15 Iyyar, 5773
April 24th, 2013
30th Day of the Omer
A lot of Torah is learning how to see.
I suppose this is true for any area in life requiring depth; doctors, lawyers, teachers, parents, artists, judges, professors, analysts, marketers, actors, writers – all learn to see what is before them in light of their concerns: are these symptoms a disease? Is this action legal? What does this child need? Why was that historic event significant? From learning to look well, they gain an added measure of usefulness and worth.
And when their sight is especially clear and exceptionally penetrating, we share their vision with the rest of the world, and record their names in the annals of the great.
Paradoxically, the first step towards clear sight is learning what to ignore. “Do not be led astray after your hearts and your eyes, which you prostitute yourselves by following after them.” (Numbers 15) The verse is obviously true – all of reality television is a testament to its wisdom.
But there is a deeper meaning: when it comes to human beings, sometimes one must look beyond a whole lot of external detritus to see the goodness of the soul underneath.

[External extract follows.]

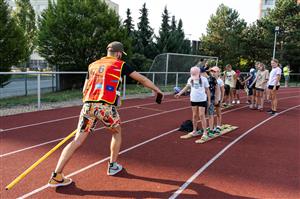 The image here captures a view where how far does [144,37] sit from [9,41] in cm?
1641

This ignoring-in-order-to-see is a mitzvah: “See – today I am setting before you blessing and curse.” (Deut. 11:26) “…and choose life, so that you may live.” (Deut 30:19) It is a wise requirement, for there is great pain waiting for those who can only see the shmutz in those around them.
It’s also damn hard. We all present plenty of distractions to the people in our lives – reasons why they should not see the goodness in us. Some days, those distractions are very hard to ignore.
Luckily, in my life, I have my colleague and friend, Rabbi Shira Stutman.* If there were ever a master of the choice to see the good, it would be her.
So choose for yourself a sighted companion, someone who can guide you in the art of seeing well. It is the secret to a blessed life.
*Rabbi Shira is also my supervisor. She was recently voted one of the Forward’s most inspiring rabbis in America. For these gifts and talents, I have taken it upon myself to torture her mercilessly. It’s my special way of showing affection and appreciation.